-------- Task material

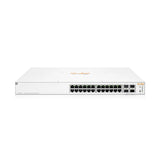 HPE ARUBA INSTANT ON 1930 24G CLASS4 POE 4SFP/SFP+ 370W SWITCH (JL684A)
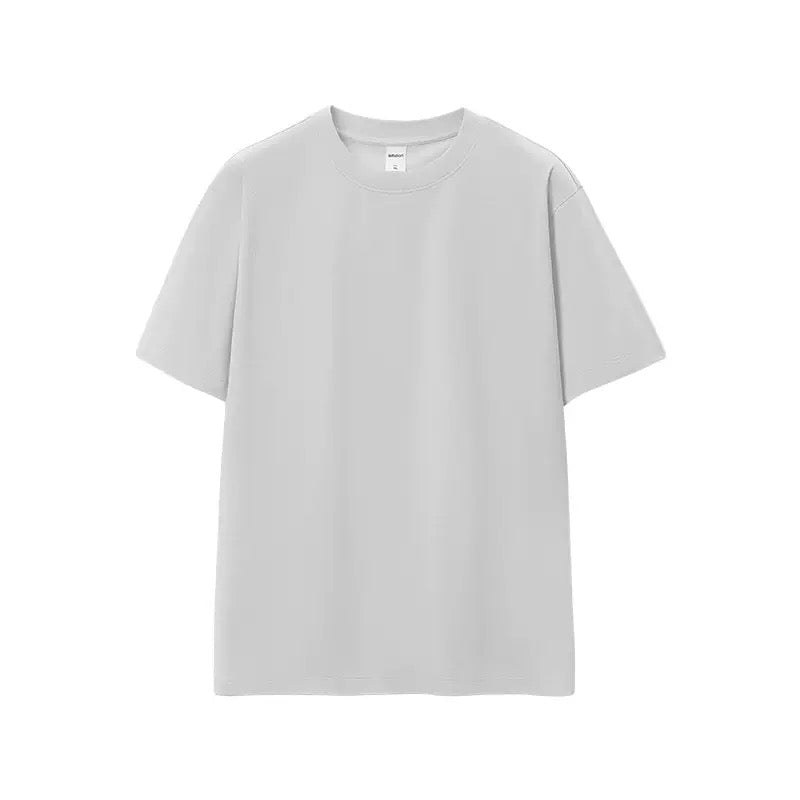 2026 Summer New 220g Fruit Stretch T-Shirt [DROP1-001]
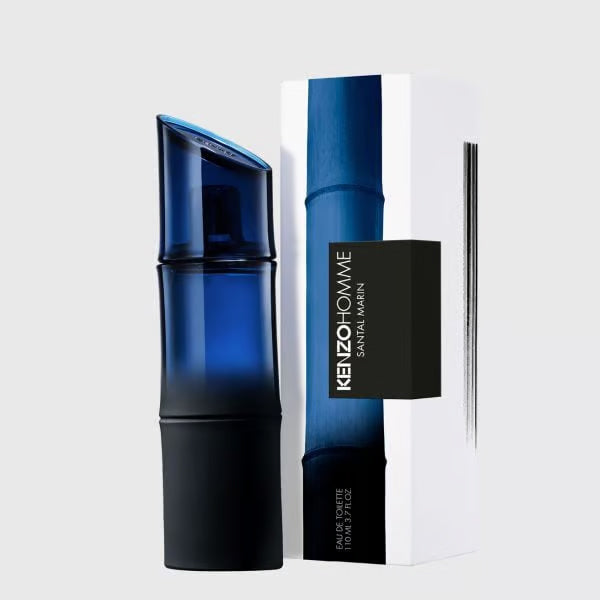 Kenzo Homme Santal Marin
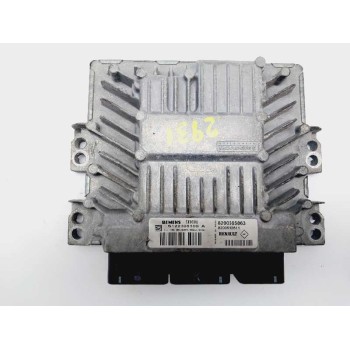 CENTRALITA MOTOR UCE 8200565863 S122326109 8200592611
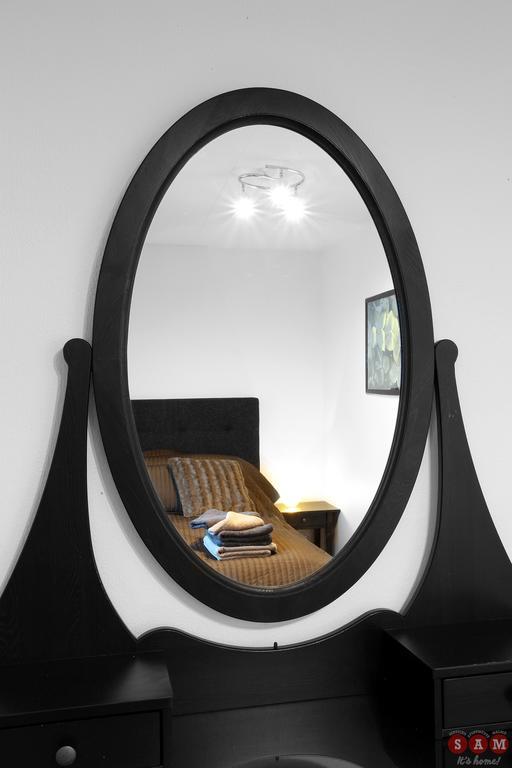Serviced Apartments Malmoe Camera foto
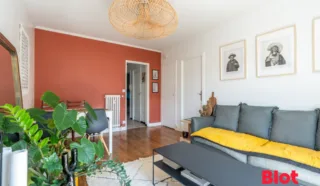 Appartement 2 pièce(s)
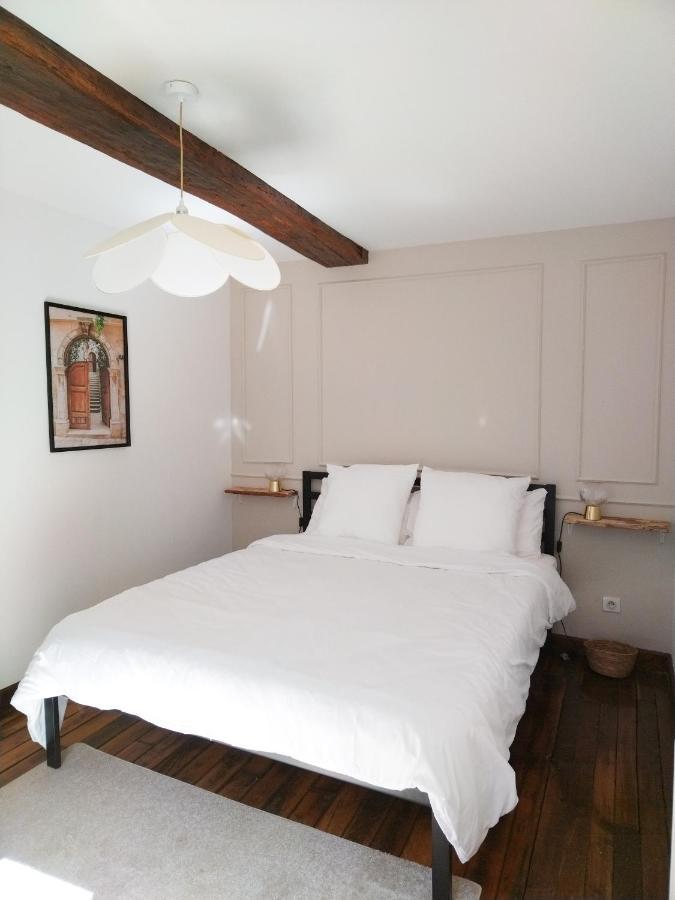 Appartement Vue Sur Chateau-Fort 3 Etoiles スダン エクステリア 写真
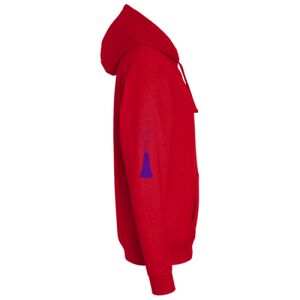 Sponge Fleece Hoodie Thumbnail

----------------

- Aim of the exercise -
Above are the records; set down exactly the lines from the line containing "Serviced Apartments Malmoe Camera foto" through their last line, leaving every picture out.

- Answer to this task -
Serviced Apartments Malmoe Camera foto
 Appartement 2 pièce(s)
 Appartement Vue Sur Chateau-Fort 3 Etoiles スダン エクステリア 写真
 Sponge Fleece Hoodie Thumbnail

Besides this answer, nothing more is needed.